Gen William Ward, former head of the US Africa Command, was demoted last week after accusations of lavish spending on personal travel for himself and his wife. And Brig Gen Jeffrey Sinclair was stripped of his position, and is facing the military equivalent of a grand jury to decide whether he should face charges over relationships with five women.
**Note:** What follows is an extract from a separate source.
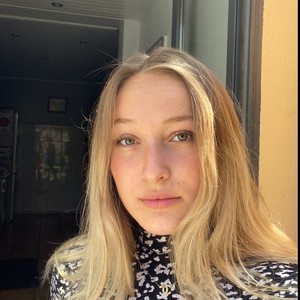 Amelie - Prof de maths - Albertville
The phenomenon of what some are calling "generals gone wild" is a shock to the system in a country where the cult of uniform permeates public life. But it is also highlighting the strains placed on army families by lengthy deployments and separations after more than a decade of war. Some have noted the sad irony that Petraeus, the betrayed wife, works as a financial adviser and advocate for families of military personnel serving overseas.

Meanwhile, Paula Broadwell spent much of the week holed up at her brother's Washington home. The whereabouts of her husband, with whom she lives in North Carolina with their two young sons, was not known.

On November 9, the day the story broke, the couple were staying at a bed-and-breakfast in rural Virginia to celebrate her 40th birthday. Broadwell had booked a room with a four-poster bed and ordered champagne and a bouquet of roses and lilies for their arrival - unsurprisingly, their romantic get-away ended early.

Broadwell, who has had her security clearance removed and is under investigation over the confidential material found on her computer, has made no public comment. But before his daughter's lawyers instructed him not to speak to the media, her father, Paul Krantz, cryptically told a journalist: "This is about something else entirely, and the truth will come out… There's a lot more here than meets the eye."

Former aides to General Petraeus, a man once talked about as a future President, said that he broke off the affair about four months ago, but that he had remained in contact with Broadwell to help with her dissertation on his military leadership.

It emerged this weekend that, as with Kelley, Broadwell's links to Petraeus had opened doors to the White House. She visited twice, for meetings with aides in 2009 and 2011, to discuss Afghanistan-Pakistan policy as part of her research.

Meanwhile, Kelley was seeking the help of Tampa's mayor, Bob Buckhorn, to deal with the media circus camped outside her house.

In what must be a novel experience for the pushy socialite, he did not respond.